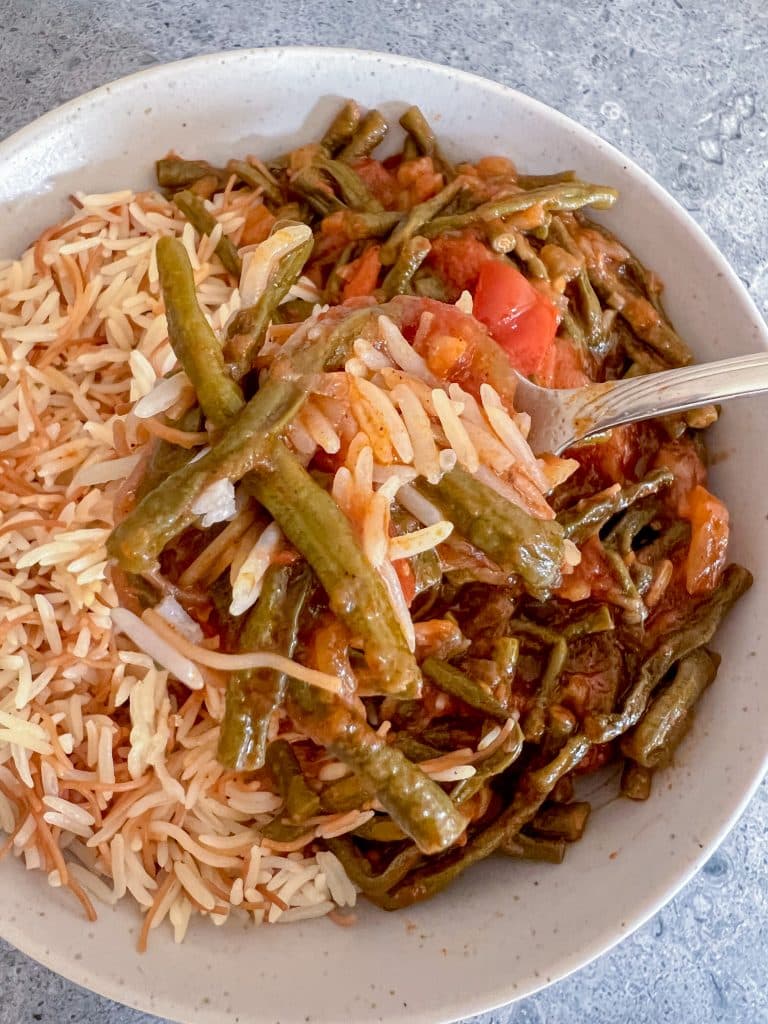 loubia bil zeit, long bean/green bean and tomato stew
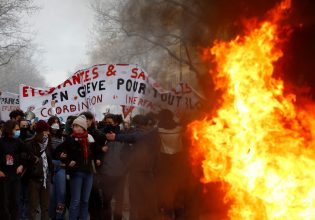 Απεργίες στην Γαλλία: Συνεχίζεται η μάχη στους δρόμους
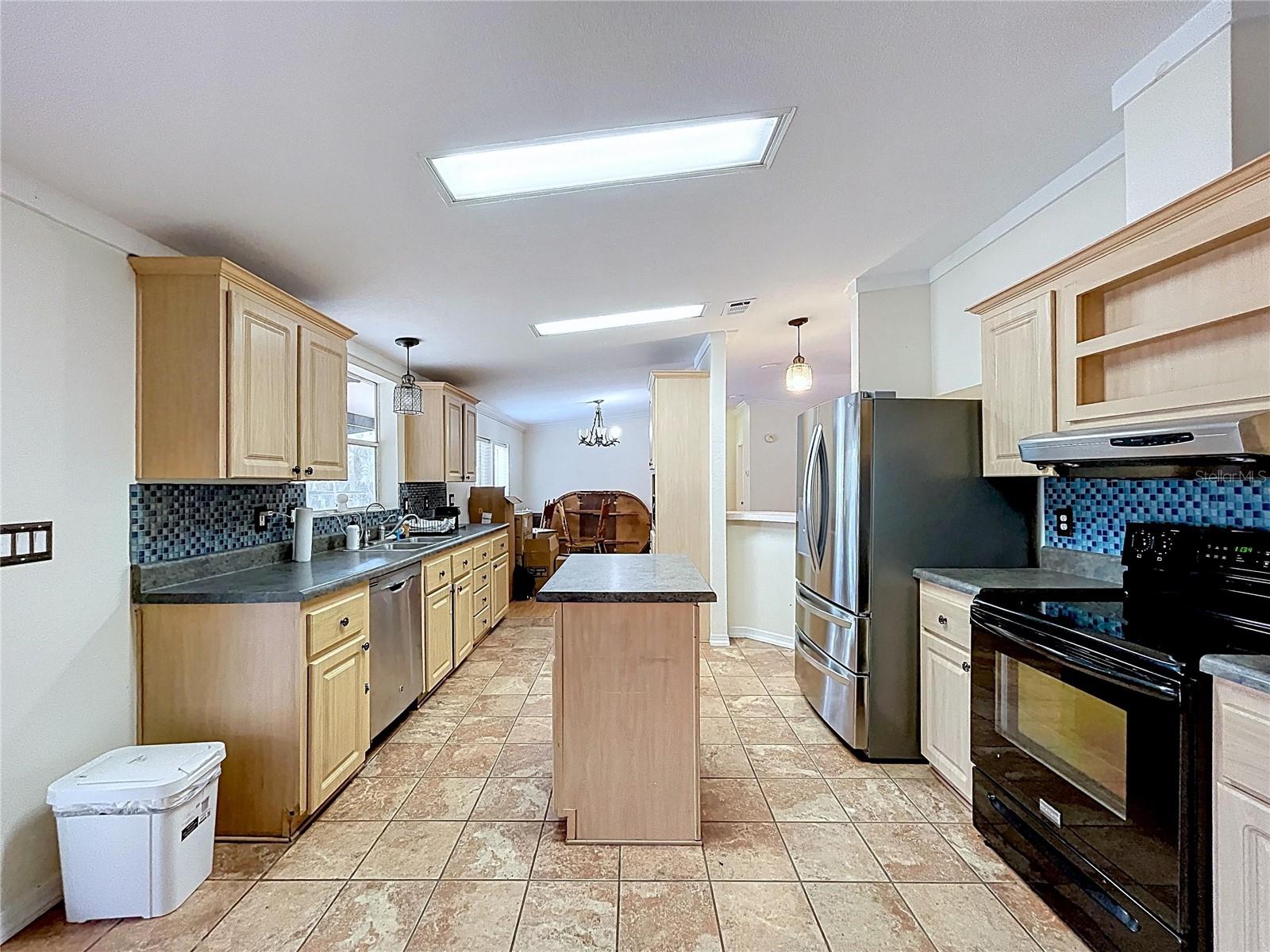 15210 ROUGH DIAMOND RANCH RD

▶ _WHAT THE EXERCISE ASKS_
The listing above must be restated word for word. Its pictures are to be left out.

▶ _WRITTEN SOLUTION_
 loubia bil zeit, long bean/green bean and tomato stew
 Απεργίες στην Γαλλία: Συνεχίζεται η μάχη στους δρόμους
 15210 ROUGH DIAMOND RANCH RD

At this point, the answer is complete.